Mas poruqe razão só vemos (até à exaustão) Chavéz madar Buhs para o c....o e não põem no ar os insultos a Morales?!
Um abraço.
Gostei de ler-te nesta análise bem lúcida. Como tu, tenho esperança de que a aliança sul-americana comece a surtir algum efeito...
Um abraço
Força camarada
Também por cá
Abraço
Esse homem é muito esquisito! Não sei se ele ama tanto o seu pais...
Muito bom o seu texto! Elucidativo...
Beijos de luz e o meu carinho!!!
Já estive três vezes na Bolívia. Pobre país, faz o Brasil ser parecido com o melhor da Europa Nórdica.
Por outro lado, desconfio de caras que contam com o apoio incondicional do nosso presidente Lula. :)
Um abraço!
No fundo, no fundo - ou mais acima, consoante o posicionamento geográfico que se tenha - comentaria este teu excelente artigo de informação com uma frase «batida»: basta yá qu'el yankee mande!
Pelo quanto isto possa representar um caminho para uma nova ordem mundial, estou com a actual governação da Bolívia, por supuesto.

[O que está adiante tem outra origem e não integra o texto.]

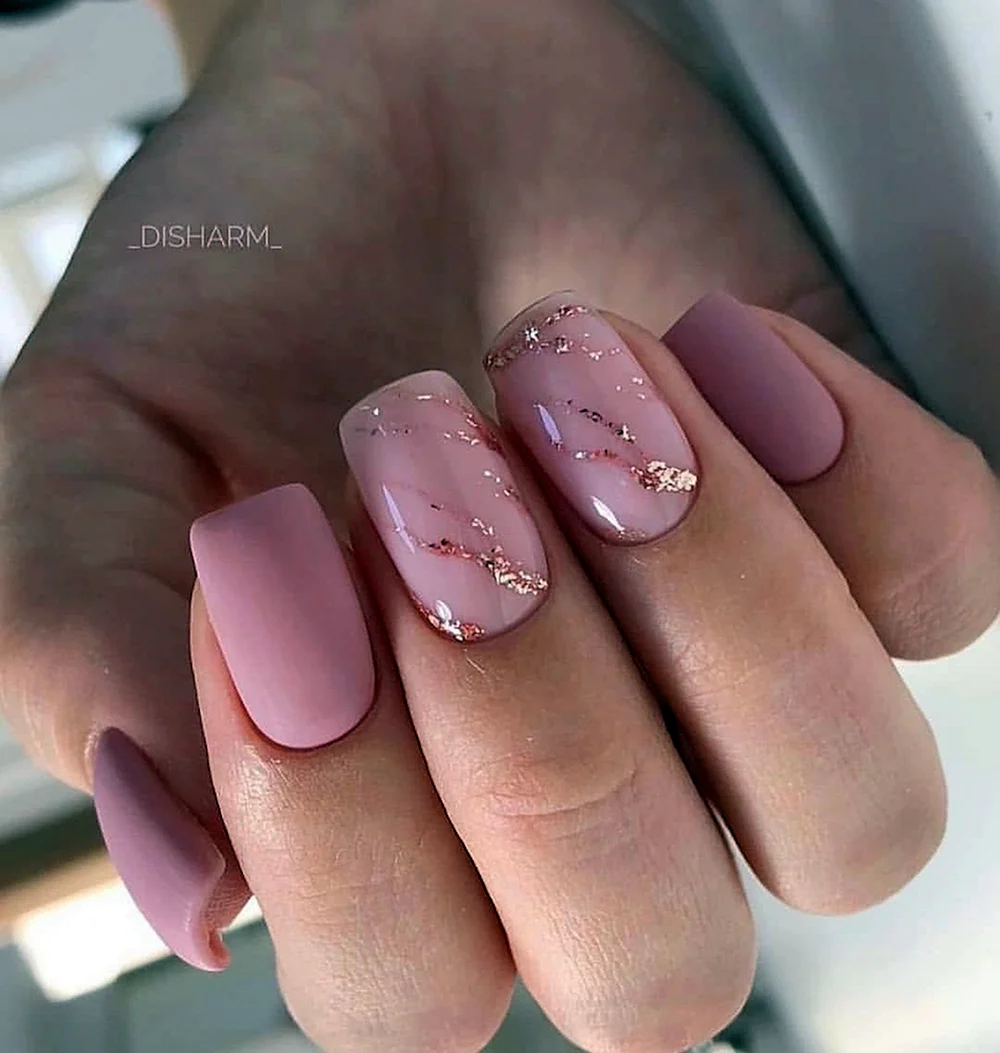 Нежный розовый маникюр на короткие ногти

Solidários com a Bolívia (e não só) estamos, e estaremos...
Beijos, beijos
“solidariedade com a Bolívia...”
de tão usadas, num ou noutro momento, as palavras parecem carecer de sentido: solidariedade, amor, liberdade, exploração, miséria... há-de se ter cuidado com elas, as palavras. e esse cuidado deve acontecer antes que sejam pronunciadas. há-de de se ter carinho com as palavras. e esse carinho deve acontecer no silêncio, no mais profundo de nós mesmos, onde as palavras são gestadas. caso contrário perderão o sentido ou poderão ter o sentido inverso do que tentam exprimir.

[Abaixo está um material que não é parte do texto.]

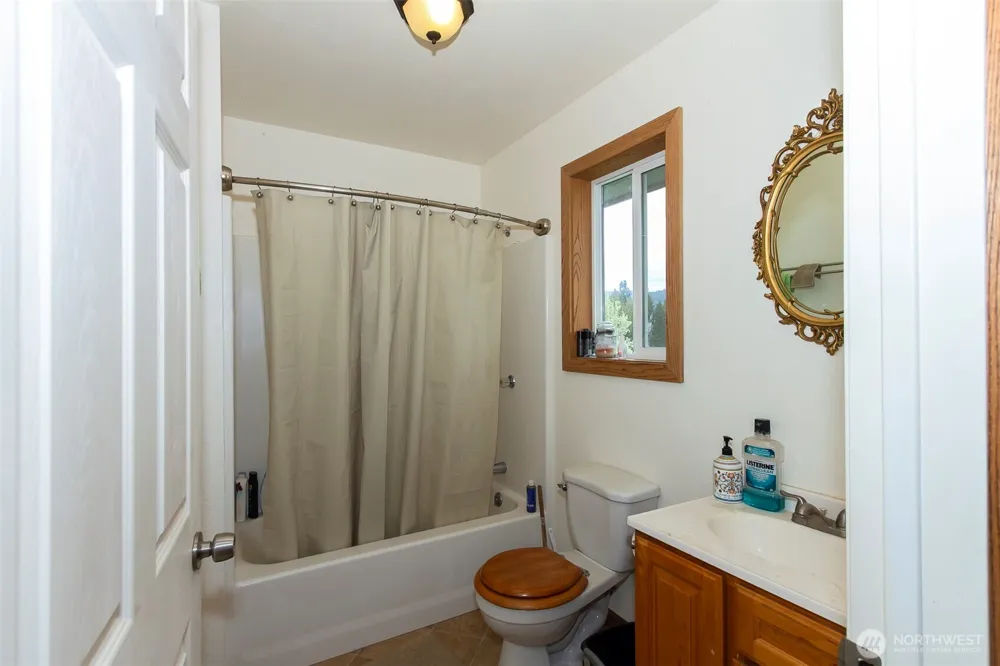 6731 River Way Fruitland, WA 99129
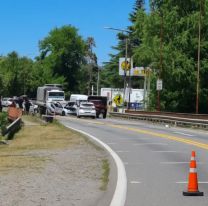 Terrible choque entre entre un camión y un auto en Los Nogales: hay tres heridos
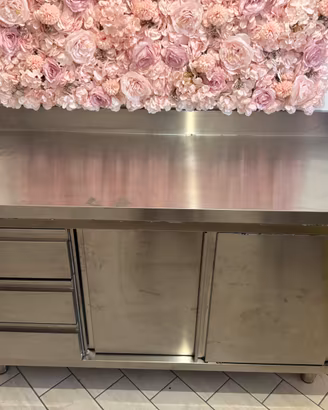 Tavolo armadiato in acciaio inox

há-de se cultivar, sempre! - SOLIDARIEDADE com todas as pessoas, em todos os lugares do mundo, a qualquer tempo, exploradas, aviltadas por outras pessoas – que escudadas num “sistema” mesquinho e perverso, anti-humano, capitalista -, dizem defender valores tais como: “solidariedade”, “liberdade”, “democracia”...
tuas palavras, meu Amigo, jamais gastas, alimentadas que são pelo que há de melhor dentro de ti, ajudam-nos a prosseguir, sem perder a ternura ou a firmeza nos gestos. tuas palavras, meu Amigo, jamais gastas, alimentadas que são pelo que há de melhor dentro de ti, ajudam-nos a prosseguir em direção à Utopia, caminho e porto, traçado e sendo construído por homens e mulheres do porte de Cristo (sim, Jesus Cristo!), pelo Zé da esquina, que estende a mão pedinte (sim, pelo Zé da esquina!), Maria de Nazaré (sim, a mãe Dele!), Maria, dentre tantas outras Marias, mães de tantos outros crucificados sem cruz (...), Gandhi (sim, Gandhi, Mahatma!), Manoel da padaria (ó, Manoel, tu também!), Clara, a de Assis... Clara, não tão clara assim, filha da noite africana... Clara, não tão clara assim, filha do solo americano...

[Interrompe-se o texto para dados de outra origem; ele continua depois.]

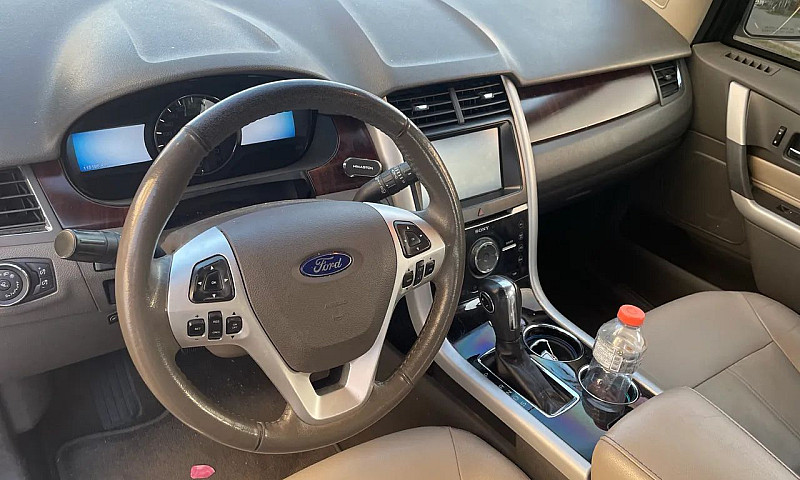 Ford Edge Limited 3....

deixo o meu abraço fraterno pra ti.
... tuas palavras, meu Amigo, jamais gastas, alimentadas que são pelo que há de melhor dentro de ti, ajudam-nos a prosseguir, sem perder a ternura ou a firmeza nos gestos. tuas palavras, meu Amigo, jamais gastas, alimentadas que são pelo que há de melhor dentro de ti, ajudam-nos a prosseguir em direção à Utopia, caminho e porto, traçado e sendo construído por homens e mulheres tais como: Marina Silva, Ho chi Minh, Thaís, Betinho, Rejane, Che, Luiza, Chico Mendes, Maria Clara, Zumbi, Juliana, Mandela, Gorete, Zeca Afonso... pessoas públicas ou “anônimas” de todos os recantos do mundo, incluindo todas as pessoas do solo boliviano, espoliadas ao longo do tempo, mas que lutam para reverter essa situação.
outro abraço fraterno.
ps. quando estava escrevendo o comentário fui interrompido. tive que sair. retornei para concluí-lo.
São outros os tempos mas a malha social continua semelhante. A construção de uma sociedade mais igualitária, a implementação de reformas económicas que colidem com os interesses das classes dominantes não são facilmente aceites.
Há 35 anos,mataram Victor Jara, Allende caiu e uma terrível ditadura deu origem a uma trágica carnificina.
A América Latina e as suas convulsões!